Life is From the Spirit
Monday, Easter Week
five: April 25, 2016
Also Feast of St.
Mark: 1 Peter 5:5-14; Psalm 89; Mark
16:15-20
The Responsorial Psalm teaches us to experience God by depending on God: “Not to us,
O LORD, but to your name give glory” (Psalm
115).
In Acts 14: 5-18 we see again the pattern
of the “kerygmatic” or “heraldic” preaching of the Good News: First, pre-evangelization: a miracle raises a question to which the only true
explanation is Christ’s action in his risen body (14: 8-14): “Not to us, O LORD, but to your name give glory.”
Then
comes evangelization, the preaching
of the Gospel in answer to the question (14: 15-18, with Paul’s presumed
development). But unlike previous occasions (see Acts 2: 41-47; 4:4, 23-36), there is no record of the third phase, eucharist: the celebration of the Good
News by those who believe — presumably because the Jewish faction “won over the
crowds, stoned Paul and dragged him out of the city” (verse 19).
To bear
witness to Christ as prophets we
don’t have to work healing miracles. But we do have to be a visible, living miracle of grace! The “pre-evangelization”

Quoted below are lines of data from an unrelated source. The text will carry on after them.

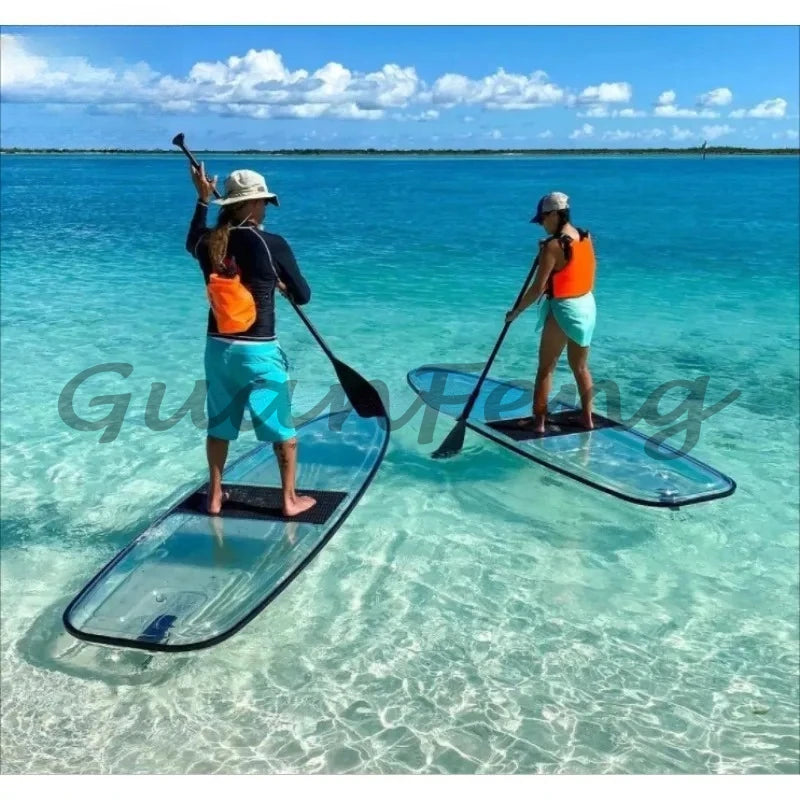 Tabla de paddle surf transparente con base transparente de material PC cristalino para deportes acuáticos.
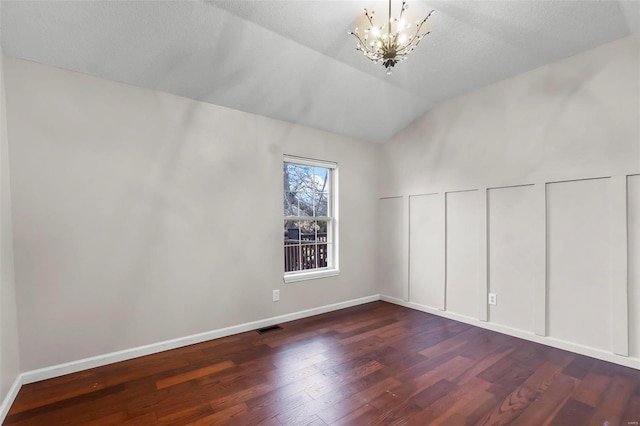 additional living space featuring lofted ceiling, a chandelier, a textured ceiling, and dark hardwood / wood-style flooring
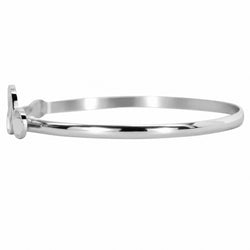 A polished silver-tone metal bangle bracelet with a flat, wide band and a simple circular clasp on the left side, shown against a plain white background.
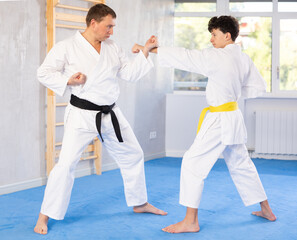 Fototapeta premium Adult man and teenage boy in kimono practicing karate fighting in gym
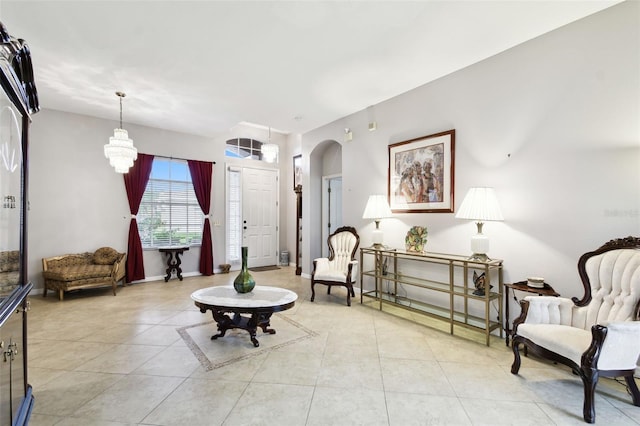 living area featuring baseboards, arched walkways, and light tile patterned flooring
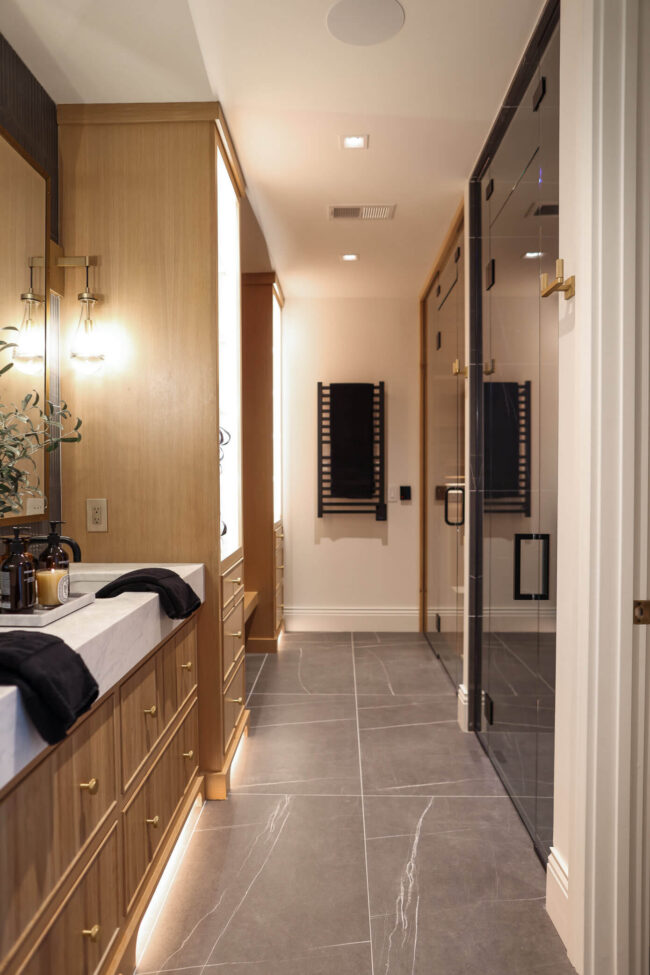 Luxury home spa bathroom with white oak cabinetry, steam shower and glass sauna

essential to effective proclamation of the Good News is a lifestyle, a way of living and acting, which raises questions that
cannot be answered except by the teaching of Jesus and the empowerment that
comes from his resurrection. The cost of prophetic witness is to live in
radical contradiction to the spirit of this world and to risk persecution by
those who are threatened by this.
In John 14:21-26 the apostle Jude Thaddeus
asks, "Lord, how is it that you will reveal yourself to us, and not to the
world?” Why do people, even within the Church, resist the prophets and reject
their witness?
The
answer is that, like the Jews who stoned Paul, they identify religion with
observance of the rules and adherence
to cut-and-dried formulations of doctrine,
and find their security in this. But those who love Jesus enough to want to know him will become disciples, studying his words. They will enter into intimate
union with God: “Those who love me
will keep my word, and my Father will
love them, and we will come to them
and make our home with them.”
Obviously,
right doctrine and rules are important; they are just not Christianity.
Christianity is truth and love experienced
live with God: “The Holy Spirit,
whom the Father will send, will teach you everything.” Constant attention to
and dependence on God’s action through the Holy Spirit is our only real
security. Without the Spirit, doctrines are dead letter and law observance is
Phariseeism. “Not to us, O LORD, but to
your name give glory."
Initiative: Be a prophet. Live in
dependence on the Spirit.
Seek guidance through God’s words in Scripture. Listen, love and live.